The angle of the polarizer P1 was adjusted to achieve the best contrast before capturing all the sequence of interferograms. Interferograms $I_2$ and $I_6$ in Figure 3, corresponding to phase shifts ${\phi }_2=\pi /2$ and ${\phi }_6=3\pi /2$, show the best contrast. On the contrary, the contrast is very low in interferograms $I_0$ and $I_4$, as expected from the binary $\pi$ -phase pattern of this mode. The interferograms in Figure 3 have been saturated for better visualization, but equivalent non-saturated images were used in the calculations.

We note that, since the hologram and the lens are both displayed on the SLM, the phase in the detector also includes a quadratic phase factor given by $-{\varphi }_L=+\pi r^2/\lambda f$ [21]. The experimental phase shown in Figure 3D is the result given by Eq. 6 where this quadratic phase has been subtracted, showing a very good agreement with the numerical phase. The phase is visualized again with the color code only at pixels where the intensity distribution in Figure 3C is significant, leaving the experimental phase image in gray at pixels where the intensity is too low to provide a contrasted interference.

Note that the PSI technique can only retrieve a wrapped phase map, here presented in the range $\left[-\pi ,+\pi \right]$. The absolute determination of the phase would require the application of phase unwrapping techniques. Nevertheless, the color code used to display the phase (where red is used for values $\pm \pi$) avoids jumps caused by $2\pi$ discontinuities. To provide a quantitative comparison of the phase distributions, the experimental function was resized ${\alpha }_{exp}\left(\mathbf{r}\right)$ to match the scale of the simulated distribution ${\alpha }_{sim}\left(\mathbf{r}\right)$. Then, the phase RMSE (Root-Mean Square Error) was used as a metric, defined as:

$RMSE=\sqrt{\frac{1}{T}{\displaystyle \sum }_{\mathbf{r}}{\left({\alpha }_{sim}\left(\mathbf{r}\right)-{\alpha }_{exp}\left(\mathbf{r}\right)\right)}^2}.(7)$

Here the summation is made only in the region with significant pixels and $T$ is the total number of such pixels. For the HG₃₃ beam the calculated phase RSME is 0.243π.

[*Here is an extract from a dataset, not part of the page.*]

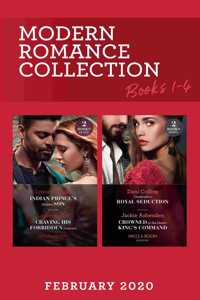 Modern Romance February 2020 Books 1-4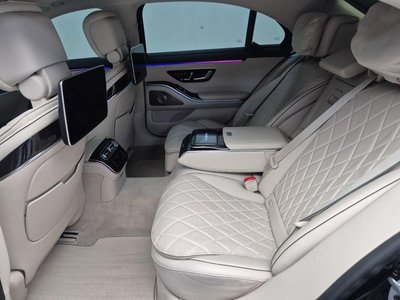 MERCEDES-BENZ S-CLASS - 1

Figure 3 shows equivalent results for the LG₁₃ beam. The theoretical intensity and phase distributions (Figures 3E,F) exhibit its characteristic double ring and spiral pattern. In this case, the experimental interferograms show three bright and three dark lobes inside each of the two intensity rings. The bright and dark lobes are opposite from one ring to the other, as corresponds to the $\pi$ -phase shift between them, and they progressively rotate as phase-shifts are added in successive interferograms. The experimental distributions shown in Figures 3G,H agree very well the theory, with a phase RMSE of 0.287π.

We further tested different superpositions of LG beams. The first and second rows in Figure 4 show their theoretical intensity and phase distributions. The third and fourth rows show the corresponding experiments. As in the previous figures, the phase distributions are plotted with the color code only where the intensity distribution is significant. All cases bear a very good agreement. Note for instance how the simplest case, the LG₀₁ mode (Figure 4A) exhibits the classical doughnut shape and a spiral phase pattern. This case provides the best phase RMSE of only 0.154π.

FIGURE 4

FIGURE 4. Realization of different superpositions of LG modes: (A) LG₀₁ (B) LG_0-1 (C) LG₀₀ + LG₀₆, (D) LG₁₀ + LG₀₃, (E) LG₁₀ + LG₀₆, (F) LG₀₂ + LG_0,11 + LG_0,20, (G) LG₀₁ + LG₀₅ + LG_0,30 + LG_0,-30. First and second rows show numerical simulations of the intensity and phase distributions. Third and fourth rows show the corresponding experimental results. (H) Experimental phase distributions for the superpositions LG₀₀ + LG₀₃ and LG₁₀ + LG₀₃ (cases (B) and (D) respectively) when PSI with 4 and 3 steps are considered.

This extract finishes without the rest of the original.